The Law Relating to Body Piercing and Tattoos
Having a tattoo or a body piercing is a big decision, and in a lot of cases, a permanent one. Until recently, the laws applying to tattoos and body piercing were sketchy to say the least, and it could be hard to tell who was reputable and who to avoid.
What Laws Apply to Body Art?The main areas of law that relate to body piercing and tattoos cover the health, safety and licensing of any premises that carries out 'cosmetic' skin piercing and permanent tattooing.

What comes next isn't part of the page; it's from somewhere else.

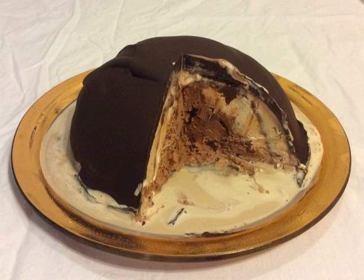A Bombe Glacée, or simply a Bombe in English, is an ice cream dessert frozen in a spherical mold so as to resemble a cannonball, hence the name. Escoffier gives over 60 recipes for bombes in La Guide Culinaire. A recipe for 'Chocolate and Meringue Bombe' is given in Mary Berry's Complete Cook Book. The dessert appeared on restaurant menus as early as 1882.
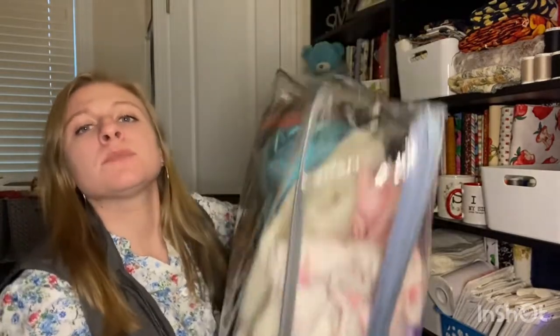Today's thrift store haul is brought to you by, I believe, Blue Ridge Hospice. I'm not sure — it was gifted to me. It was $10 for this whole bag, so let's see what's in it.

These laws are:
- The Health and Safety at Work etc Act (HSWA,1974)
- The Local Government (Miscellaneous Provisions) Act 1982 ( recently amended by the Local Government Act 2003)
- Laws relating to Age and consent
- The Tattooing of Minors Act 1969
- Assault implications
- The Prohibition of Female Circumcision Act (1985)
- Anaesthetics - The Medicines Act (1968
- Legal exemptions affecting some special treatments.
Who has to be Registered?All businesses that carry out ear piercing and permanent tattooing must be registered under the Local Government (Miscellaneous Provisions) Act, and since 2004, local authorities also regulate salons and other businesses that carry out body piercing, and semi-permanent skin-colouring techniques such as micropigmentation, semi-permanent make-up or temporary tattoo services.Local authorities have the powers to inspect any premises that carry out piercing or tattooing, and make sure that they are observing local byelaws that relate to the hygiene of their premises, staff and equipment.
All the gear but no idea...
The problem with this is that the local authority has to obligatorily grant a license and does not take into account the quality of the actual tattoo. This means that the studio can be very clean and obey all the necessary heath, safety and hygiene but the "artist" does not really need to have the required skills to tattoo correctly and safely. e.g. running the needle at the right depth, tuning the machine correctly, overworking the skin, not even begin able to draw! All of which ending up in the result being a badly executed tattoo and the customer walking away with an awful piece of art.
How Old Do I Have to Be?There is no legal age of consent for body piercing, and so it's legal for someone under the age of 18 to have a piercing as long as they have consented to it. Children under the age of 16 can't legally consent to a genital (or in the case of girls, nipple) piercing, as it's considered to be indecent assault. There are no plans to introduce an age of consent for body piercing in any areas other than the genitals, although some local authorities have introduced recommendations about the ages at which a person can have specific body piercing's.
The Tattooing of Minors Act 1969 makes it illegal for anyone to tattoo you if you are under the age of 18 - although the offence is with the person who carries out the procedure, rather than the person who asks for the tattoo. New guidelines suggest that a tattoo artist should ask to see proof of age and record this before agreeing to tattoo you.
What Must I be Asked?Before a piercing or tattoo is carried out, the studio should, by law, ask some important health questions, as well as making sure you have all the appropriate aftercare advice.
They should ask you about any allergies or health problems that may affect your tattoo or piercing, and they are also obliged to keep detailed records of this consultation for up to two years. This protects you as a client, as it makes sure that the piercer or tattoo artist knows in advance whether there are any issues that could lead to complications - or even be dangerous for you.
Aftercare Advice?After you've been pierced, or your tattoo is complete, you should be given specific advice about what to expect, and how to look after your new artwork.
Local authorities will expect businesses to give out basic advice, mostly relating to hygiene, for example the time you can expect to wait before the wound is fully healed, how to keep the piercing or tattoo clean and dry and avoiding infection.
The laws have been tightened up considerably in recent years, following horror stories about underage tattoos and body piercing that has led to septicaemia. At least with the stricter regulations, you should be assured that anywhere you visit has been registered with and inspected by health and safety officers. If they aren't registered - leave well alone.